Con Los ojos vacíos emprende de nuevo Aramburu el camino de perfección de la novela, que vuelve a ser para él un recinto de experimentación, muy poco condescendiente a las modas incluso por su amplitud y sobre todo fruto de una autoexigencia encomiable. No es novela fácil y su estilo moroso se aviene mal a lectores acomodaticios, pero logra colmar las expectativas de un lector exigente, cansado de novelitas abstractas, sin personajes, sin mundo vivido, casi esquemáticas.

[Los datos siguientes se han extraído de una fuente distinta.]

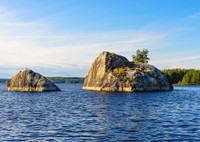 Топ-25 национальных парков России: экологический отдых и природное великолепие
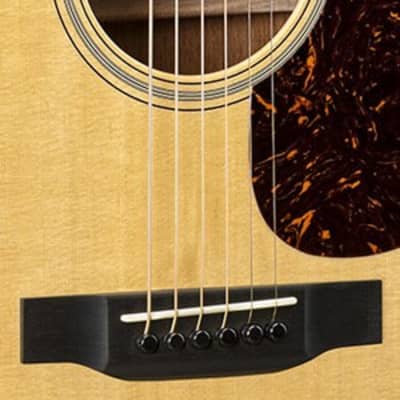 Martin D-18 Standard Series Dreadnought Acoustic Guitar w/ Case image 3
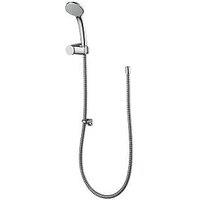 Ideal Standard Idealrain S1 Shower Set Chrome (550RJ)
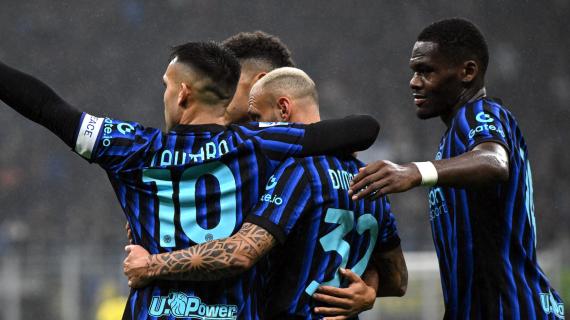 Abbuffata Inter, stavolta è tutto facile per Chivu: 4-1 alla Cremonese con super Bonny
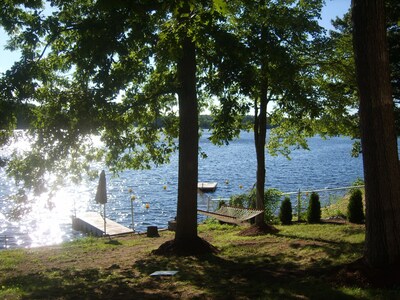 pond arlington salem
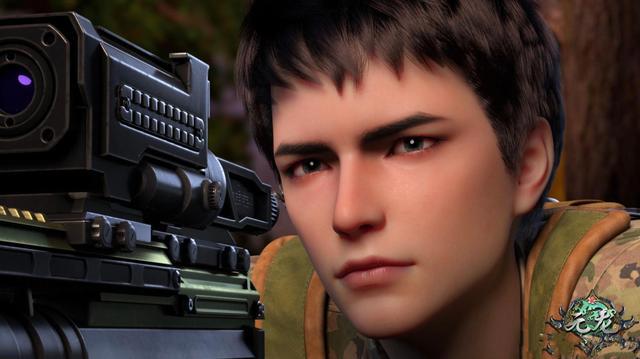 《斗罗大陆》《元龙》意外热播原因背后，是对动漫市场的一次反思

Aramburu ha construido una novela dentro de una fábula. Dibuja como escenario de su acción un país completamente inventado, Antíbula, con extraños topónimos y antropónimos, que desrealizan desde el comienzo las atribuciones. Encontramos que hay una dinastía de reyes, que termina con la revolución que expulsa del poder a Toeto IV, sigue una dictadura militar, la del general Vistavino en 1928 y la novela acaba con la guerra civil provocada por la insurrección guerrillera de los colectivistas. Curiosamente esos escenarios fabulosos conviven con personajes reales, puesto que se habla de Roma, de Viena, de Arnold Schönberg, Alban Berg y la música atonal, o de la admiración de Vistavino por Mussolini, quien envía fascistas a luchar a la guerra en apoyo del dictador de Antíbula. No es difícil por tanto trazar analogías con la historia de España, pero tales puentes no resultan nunca directos y predomina la intención de Aramburu de hacer pivotar su novela antes sobre el espacio simbólico que sobre el directamente histórico, para lo que se sirve de extraños antropónimos: la monja Cratavela, el borracho Duparás, Acán, el maestro don Prístero Vivergo o la niña Acfia Fenelina.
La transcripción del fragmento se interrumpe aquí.